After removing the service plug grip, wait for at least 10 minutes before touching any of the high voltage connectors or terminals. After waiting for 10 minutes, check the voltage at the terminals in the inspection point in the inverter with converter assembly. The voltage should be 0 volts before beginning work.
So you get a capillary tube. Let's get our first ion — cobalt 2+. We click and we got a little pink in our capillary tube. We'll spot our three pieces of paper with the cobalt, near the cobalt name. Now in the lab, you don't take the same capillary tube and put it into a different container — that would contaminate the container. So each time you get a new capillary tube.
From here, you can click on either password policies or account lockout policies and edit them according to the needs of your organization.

■ ■ ■

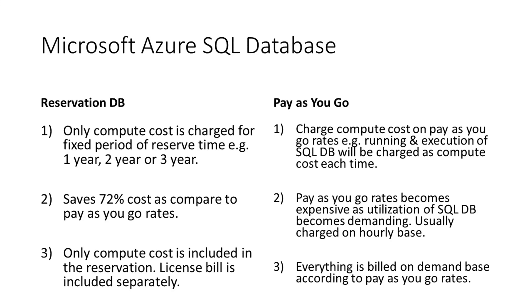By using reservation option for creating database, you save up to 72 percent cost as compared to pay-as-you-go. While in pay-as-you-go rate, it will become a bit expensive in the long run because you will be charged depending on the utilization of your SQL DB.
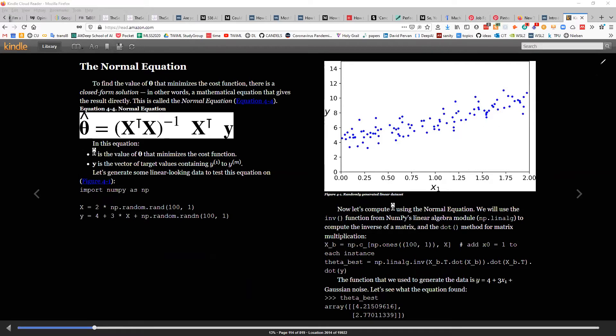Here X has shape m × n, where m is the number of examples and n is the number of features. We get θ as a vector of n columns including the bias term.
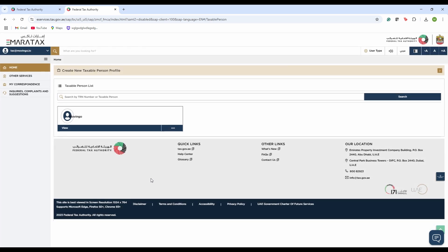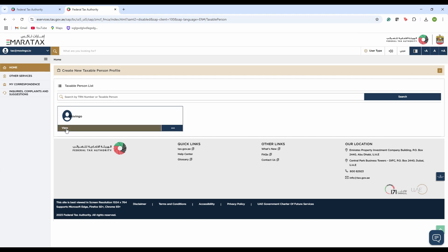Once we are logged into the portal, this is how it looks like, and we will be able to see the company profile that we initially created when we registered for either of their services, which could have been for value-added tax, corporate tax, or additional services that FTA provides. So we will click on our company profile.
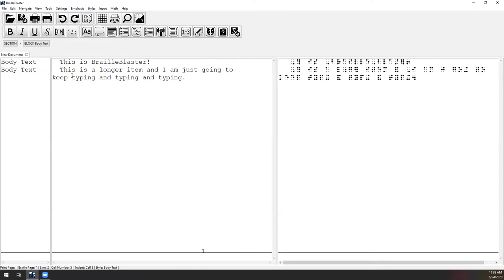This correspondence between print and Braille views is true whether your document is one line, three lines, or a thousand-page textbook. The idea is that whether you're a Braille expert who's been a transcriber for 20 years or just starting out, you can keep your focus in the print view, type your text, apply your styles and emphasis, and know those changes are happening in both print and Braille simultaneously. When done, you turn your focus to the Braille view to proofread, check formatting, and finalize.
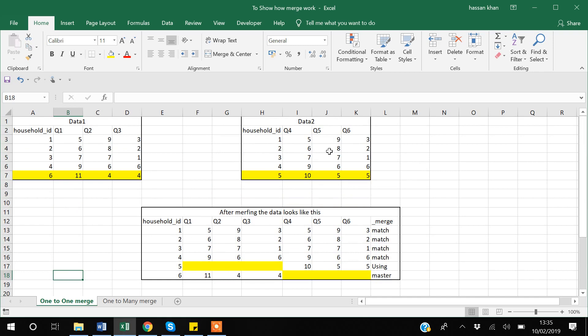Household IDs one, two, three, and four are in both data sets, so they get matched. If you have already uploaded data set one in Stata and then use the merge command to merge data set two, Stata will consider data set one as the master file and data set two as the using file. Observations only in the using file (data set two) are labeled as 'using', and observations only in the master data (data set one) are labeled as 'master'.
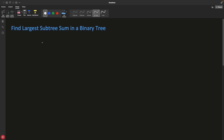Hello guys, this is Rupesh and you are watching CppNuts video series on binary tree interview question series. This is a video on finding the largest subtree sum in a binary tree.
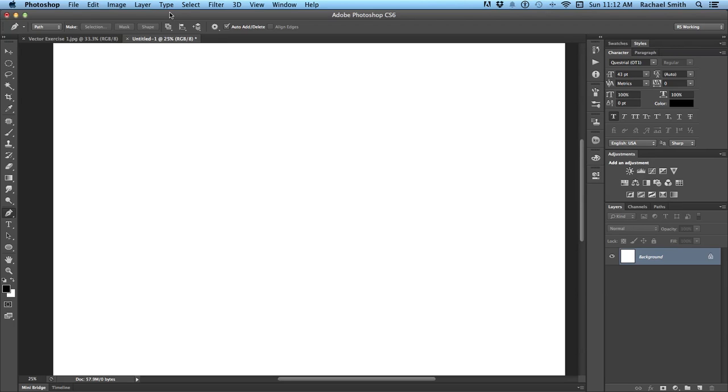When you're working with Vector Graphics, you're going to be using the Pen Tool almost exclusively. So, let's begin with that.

■ ■ ■

(Required work)
In the data above, start at the line holding "Here X has shape" and stop after the line holding "This correspondence between"; write out those lines exactly, without pictures.

(Solution to the exercise)
Here X has shape m × n, where m is the number of examples and n is the number of features. We get θ as a vector of n columns including the bias term.
Once we are logged into the portal, this is how it looks like, and we will be able to see the company profile that we initially created when we registered for either of their services, which could have been for value-added tax, corporate tax, or additional services that FTA provides. So we will click on our company profile.
This correspondence between print and Braille views is true whether your document is one line, three lines, or a thousand-page textbook. The idea is that whether you're a Braille expert who's been a transcriber for 20 years or just starting out, you can keep your focus in the print view, type your text, apply your styles and emphasis, and know those changes are happening in both print and Braille simultaneously. When done, you turn your focus to the Braille view to proofread, check formatting, and finalize.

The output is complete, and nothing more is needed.